RECORDED DATA:
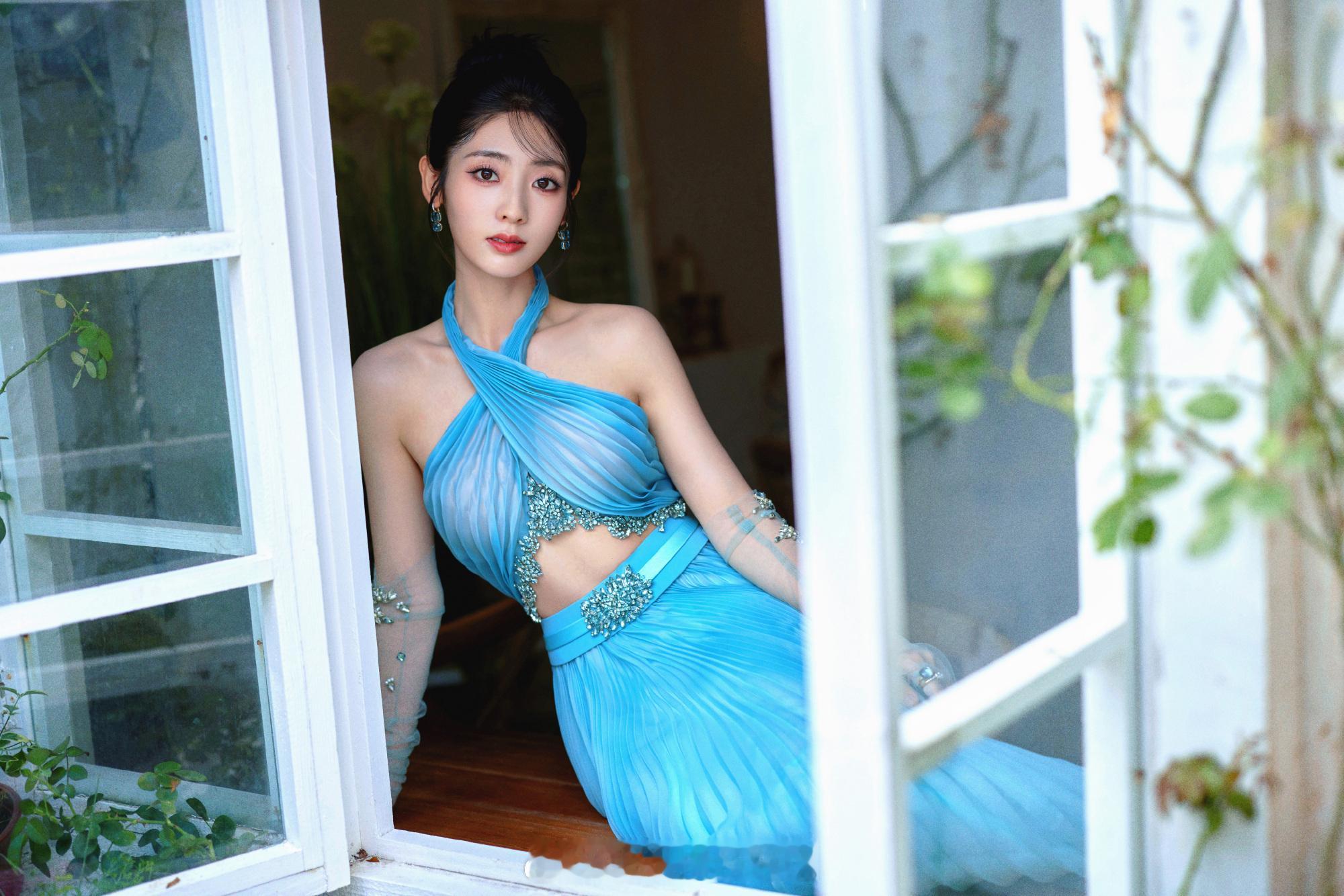 邢菲蓝色长裙灵动美丽 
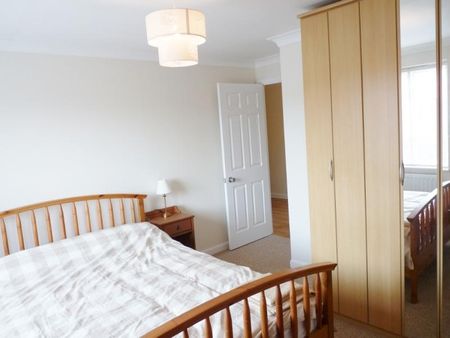 2 bedroom apartment to rent - Photo 4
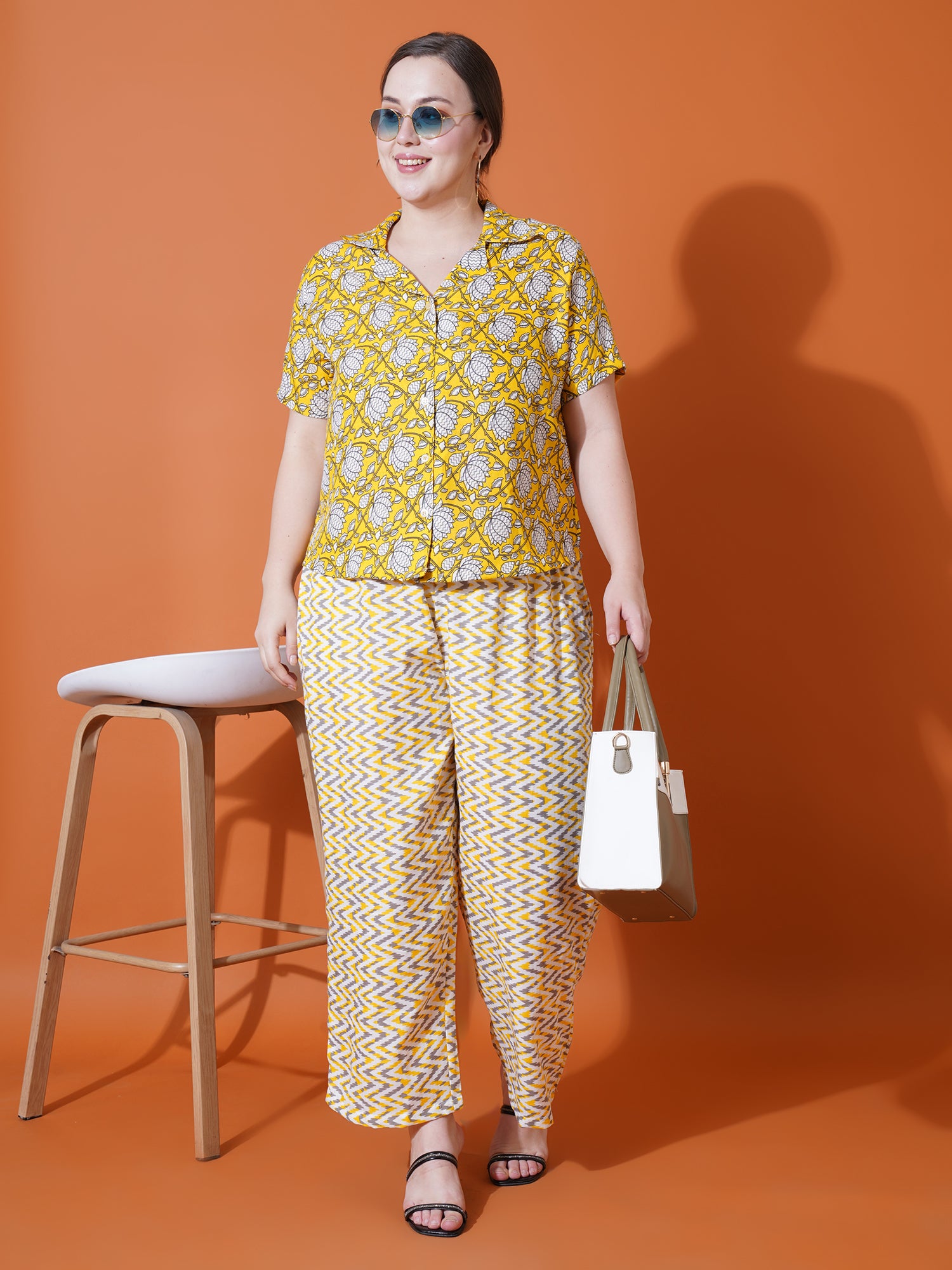 Women Plus Size Yellow Floral Printed Spread collar Night suit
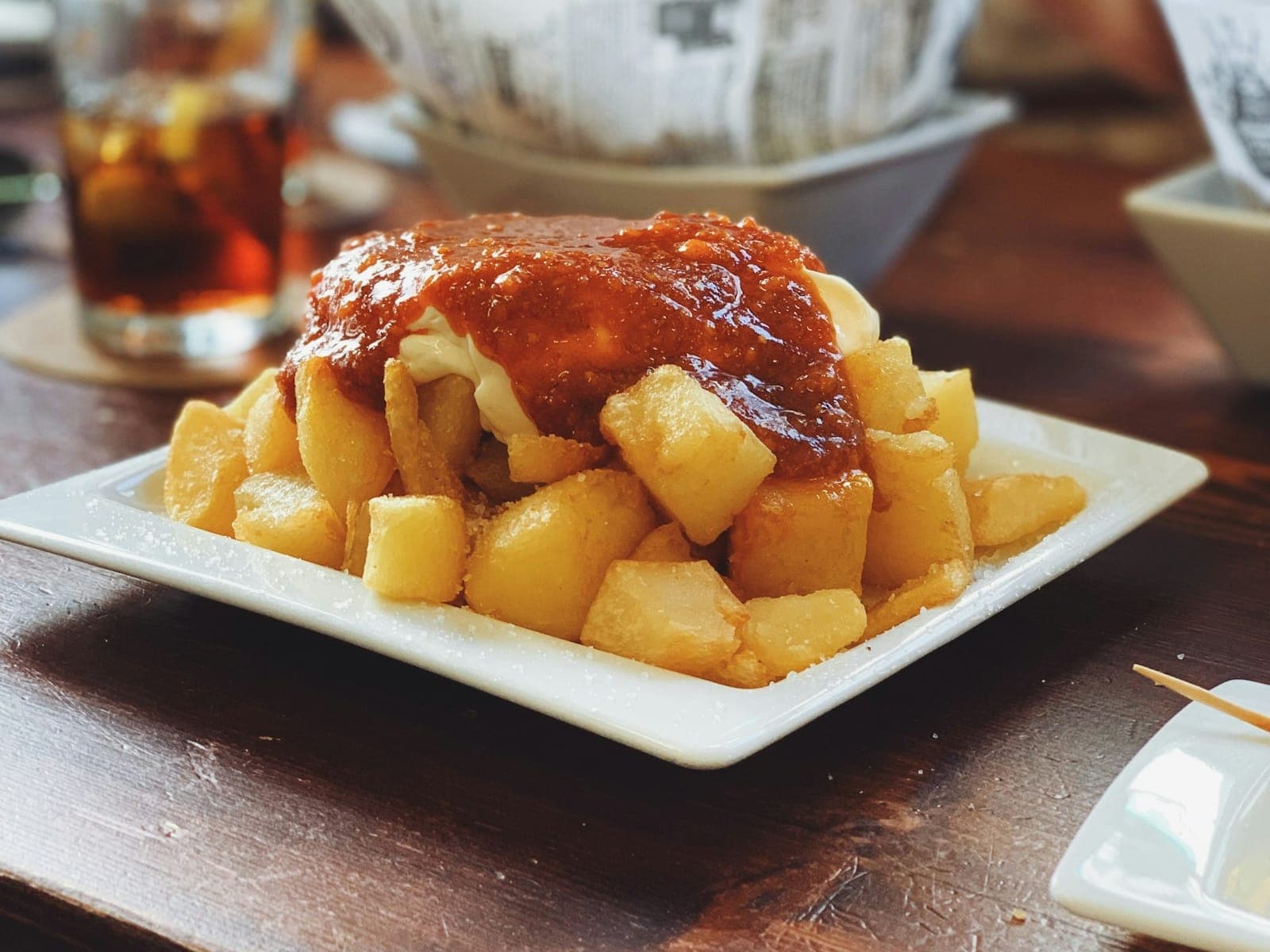 Patatas bravas à la sauce piquante GALEA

TASK DESCRIPTION:
Repeat the data above in full and exactly. Omit every image.

WRITTEN ANSWER:
 邢菲蓝色长裙灵动美丽 
 2 bedroom apartment to rent - Photo 4
 Women Plus Size Yellow Floral Printed Spread collar Night suit
 Patatas bravas à la sauce piquante GALEA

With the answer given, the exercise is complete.